I remember being brown, wrapped in black suede. I walked into the lights and the bass making my skin breathe heavily, like the walls that held it back from spreading out into the streets. I’ve been turning from white, to red, to blue and green. A subtle purple-pink seems to settle heavy in to the thick atmosphere, more often than the other colours.
I always end up at least once a week in this light and sound, somehow or the other.
It draws me into a daze, pleasantly stuffed with bodies gyrating against each other. Some look ridiculous, some look incredulous. No one looks out of place though. Bless their souls. They’re all moving to the same tune. Their limbs and torso move, in similar patterns to each other. Together they move like one big organism, in one big orgasm.
Everyone’s on track with every track, and with every move for every track, that the scene seems choreographed. But how much fun is a choreographed orgasm? Perhaps just as much fun as porn is to a virgin.
The synchronization of bodies and movement used to appeal to me, not so long ago. I’d moan and groan to feed the enthusiasm of the creature we would all impersonate, and indulge in the single being we would all become. It used to be ‘us’, ‘we’. Now it’s a ‘me’.
Things have changed, clearly. Colours are more prominent and their faces spin through my mind, disco-balling on chameleon bodies. I can’t relate to them and I slowly begin to move less and less, unable to have the want to make the slightest attempt to be in sync with the rest of them.
I need some space.
Nothing’s wrong with me. I think. Change is movement, and we all need to move at some point. Right?
I step out of the colours into a dark corridor lit by a stream of fluorescent pink lights all along bottom-left of the wall. I’ve been here a thousand times before. My eyes miss the signs that indicate where the male and female toilets are located. My body is my guide. I’m sure it smelled better before I heard the guttural sound of some one puking.
I don’t look. I never turn to look. In that mirror I’m brown again in the white light of the toilet. The water exits the tap, steady and my hand awakens to the sense of something more natural than anything around here. I drip droplets onto my neck, swipe it clean, and let it re-awaken the tip of my spine.
Heading back almost blindly, I see that they have taken full form. It’s not a dance-floor anymore, but a playground for chameleons. Their tales twist into each other, their big eyes move to follow their ever changing personalities.
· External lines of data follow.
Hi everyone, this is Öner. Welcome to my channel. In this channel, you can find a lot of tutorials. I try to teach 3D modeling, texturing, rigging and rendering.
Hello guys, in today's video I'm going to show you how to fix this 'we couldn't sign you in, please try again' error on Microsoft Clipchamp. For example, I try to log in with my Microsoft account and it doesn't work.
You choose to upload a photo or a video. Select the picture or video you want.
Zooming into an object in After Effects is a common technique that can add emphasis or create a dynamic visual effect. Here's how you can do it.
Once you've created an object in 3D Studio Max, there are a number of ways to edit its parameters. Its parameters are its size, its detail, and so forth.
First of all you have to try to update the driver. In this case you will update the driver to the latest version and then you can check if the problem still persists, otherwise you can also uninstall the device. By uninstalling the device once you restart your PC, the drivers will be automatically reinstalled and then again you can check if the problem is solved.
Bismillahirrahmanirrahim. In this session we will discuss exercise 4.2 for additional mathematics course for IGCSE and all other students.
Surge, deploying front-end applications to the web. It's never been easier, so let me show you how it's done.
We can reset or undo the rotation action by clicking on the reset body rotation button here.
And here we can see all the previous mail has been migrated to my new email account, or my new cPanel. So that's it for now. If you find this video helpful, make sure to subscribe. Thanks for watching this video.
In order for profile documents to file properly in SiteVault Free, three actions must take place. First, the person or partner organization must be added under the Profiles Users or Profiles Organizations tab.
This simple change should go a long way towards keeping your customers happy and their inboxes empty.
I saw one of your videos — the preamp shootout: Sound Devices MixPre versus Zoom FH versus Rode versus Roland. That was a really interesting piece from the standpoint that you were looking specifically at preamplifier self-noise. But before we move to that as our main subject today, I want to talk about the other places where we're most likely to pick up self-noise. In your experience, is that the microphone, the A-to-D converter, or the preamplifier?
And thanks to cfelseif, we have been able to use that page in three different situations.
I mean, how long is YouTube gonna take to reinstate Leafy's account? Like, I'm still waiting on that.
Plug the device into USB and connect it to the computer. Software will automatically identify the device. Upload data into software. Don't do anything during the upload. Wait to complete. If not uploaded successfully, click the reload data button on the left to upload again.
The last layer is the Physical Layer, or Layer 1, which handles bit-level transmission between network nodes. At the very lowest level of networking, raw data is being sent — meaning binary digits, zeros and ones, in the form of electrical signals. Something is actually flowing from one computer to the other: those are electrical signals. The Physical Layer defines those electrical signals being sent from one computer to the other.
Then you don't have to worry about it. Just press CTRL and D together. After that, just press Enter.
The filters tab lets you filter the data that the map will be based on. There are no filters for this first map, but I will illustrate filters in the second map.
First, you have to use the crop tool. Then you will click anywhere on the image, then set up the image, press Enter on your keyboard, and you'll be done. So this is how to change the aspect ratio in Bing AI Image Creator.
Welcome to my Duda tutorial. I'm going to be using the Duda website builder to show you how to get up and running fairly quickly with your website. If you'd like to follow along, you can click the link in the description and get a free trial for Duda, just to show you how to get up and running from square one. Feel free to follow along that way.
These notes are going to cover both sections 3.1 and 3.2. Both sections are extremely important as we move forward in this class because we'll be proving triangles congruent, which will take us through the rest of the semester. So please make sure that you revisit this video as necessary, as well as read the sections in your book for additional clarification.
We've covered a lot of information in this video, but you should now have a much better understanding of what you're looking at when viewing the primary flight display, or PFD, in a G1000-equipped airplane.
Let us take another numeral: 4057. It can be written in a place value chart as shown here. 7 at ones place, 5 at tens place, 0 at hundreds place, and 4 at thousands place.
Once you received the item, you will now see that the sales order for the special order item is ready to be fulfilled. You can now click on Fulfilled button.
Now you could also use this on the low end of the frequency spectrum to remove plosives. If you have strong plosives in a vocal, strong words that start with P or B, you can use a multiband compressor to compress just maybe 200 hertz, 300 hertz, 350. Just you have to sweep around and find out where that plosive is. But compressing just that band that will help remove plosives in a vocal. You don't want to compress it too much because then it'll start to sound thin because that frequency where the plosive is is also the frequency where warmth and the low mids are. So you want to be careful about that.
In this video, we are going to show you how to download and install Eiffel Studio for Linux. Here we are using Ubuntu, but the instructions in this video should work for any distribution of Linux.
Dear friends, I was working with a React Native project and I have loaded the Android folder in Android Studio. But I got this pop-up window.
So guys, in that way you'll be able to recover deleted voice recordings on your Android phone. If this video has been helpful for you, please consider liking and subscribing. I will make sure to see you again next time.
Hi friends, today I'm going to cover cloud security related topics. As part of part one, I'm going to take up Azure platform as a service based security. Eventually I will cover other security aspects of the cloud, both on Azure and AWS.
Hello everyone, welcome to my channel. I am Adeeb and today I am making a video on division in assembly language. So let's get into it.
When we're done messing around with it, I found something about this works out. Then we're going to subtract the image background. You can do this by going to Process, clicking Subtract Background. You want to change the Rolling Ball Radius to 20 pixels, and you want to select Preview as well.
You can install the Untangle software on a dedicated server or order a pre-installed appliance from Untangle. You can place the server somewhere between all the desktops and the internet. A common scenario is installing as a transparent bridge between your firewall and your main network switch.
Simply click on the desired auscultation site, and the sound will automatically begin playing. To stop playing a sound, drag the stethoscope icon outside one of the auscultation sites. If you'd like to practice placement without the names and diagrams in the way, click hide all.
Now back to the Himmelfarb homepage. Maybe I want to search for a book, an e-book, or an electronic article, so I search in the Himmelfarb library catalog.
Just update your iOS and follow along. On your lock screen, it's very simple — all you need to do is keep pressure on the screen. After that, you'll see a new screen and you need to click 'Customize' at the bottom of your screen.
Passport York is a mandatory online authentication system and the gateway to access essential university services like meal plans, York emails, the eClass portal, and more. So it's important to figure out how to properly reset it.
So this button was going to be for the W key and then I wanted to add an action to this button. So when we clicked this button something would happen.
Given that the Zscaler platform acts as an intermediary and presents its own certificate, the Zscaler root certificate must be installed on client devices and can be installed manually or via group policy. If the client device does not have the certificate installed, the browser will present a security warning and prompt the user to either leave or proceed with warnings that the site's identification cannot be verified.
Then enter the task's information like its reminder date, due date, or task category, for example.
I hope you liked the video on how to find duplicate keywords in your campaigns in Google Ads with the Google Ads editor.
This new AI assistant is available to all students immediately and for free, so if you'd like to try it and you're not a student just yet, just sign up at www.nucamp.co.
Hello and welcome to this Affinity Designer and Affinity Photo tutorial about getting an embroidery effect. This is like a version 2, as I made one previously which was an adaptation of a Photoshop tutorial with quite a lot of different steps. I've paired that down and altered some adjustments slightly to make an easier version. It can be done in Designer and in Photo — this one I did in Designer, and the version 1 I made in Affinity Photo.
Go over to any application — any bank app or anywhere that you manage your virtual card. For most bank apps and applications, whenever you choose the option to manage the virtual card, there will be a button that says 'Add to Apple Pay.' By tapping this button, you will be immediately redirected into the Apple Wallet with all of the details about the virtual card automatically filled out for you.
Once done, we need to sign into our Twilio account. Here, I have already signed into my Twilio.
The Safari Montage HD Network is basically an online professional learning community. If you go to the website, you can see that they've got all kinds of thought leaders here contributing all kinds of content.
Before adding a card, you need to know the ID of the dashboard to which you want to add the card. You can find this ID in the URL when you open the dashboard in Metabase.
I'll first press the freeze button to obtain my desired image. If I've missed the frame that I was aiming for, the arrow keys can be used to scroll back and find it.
Some big eyes scan me. Some beg permission to approach me. I avert my gaze fully aware that I am just as illuminated as they are multi-coloured, ever-changing in spite of my sate of mind.
Then I see him.
De-illuminated, he sways. An alien on this ground. The permanent hunch of his shoulders lead down to lanky arms that try to meet each other and then turn away following the tracks of his mind as it seems to sync with the music in its own way. As though it decodes the vibrations or the reverberations of this cage in a language spoken by no one but him.
And my shoulders go slack. My eyes track his movement, track his eyes.
And then I am caught. He stares through me and I come to realize that I speak his language. De-illumination engulfs me. My body leaves the edge of the pink corridor, new movement takes over.
He’s moving, I’m moving. They’re changing, we’re colourless. We writhe, we shift, we laugh, we cry. We speak, wordless, and we touch each other, senseless. A crown bejewels his head and he wears it, proud, regal and beautiful. When he draws me in further, I’m aware, I’m his queen. Our skins are not boundaries anymore and we are fluid drifting through each other.
I close my eyes for a second to let it sink in. Elevation kicks in and I’m suspended in motion, with the most familiar stranger I have ever encountered.
Cold nausea kicks in, suddenly, and pries my eyes open.
The lights, they dye every inch of me. I see all the pictures of the old. Bulbous eyes, reptile bodies, everything and everyone in their camouflage.
Re-illuminated, I turn around and only see the door at the entrance swing. The caliph of my change, gone.
I’m standing, beyond the edge. Changed beyond my limits. And I thought I would have found more unimaginable chaos. But the colours, the light and darkness, the faces that spin, the bodies that move, they all phase out. He was the last straw, and beyond the edge, I find calm.
I approach the door that swings less and less and move on, renewed.
This short story’s title was taken from “Bring me the Disco King,” by David Bowie feat. Maynard James Keenan.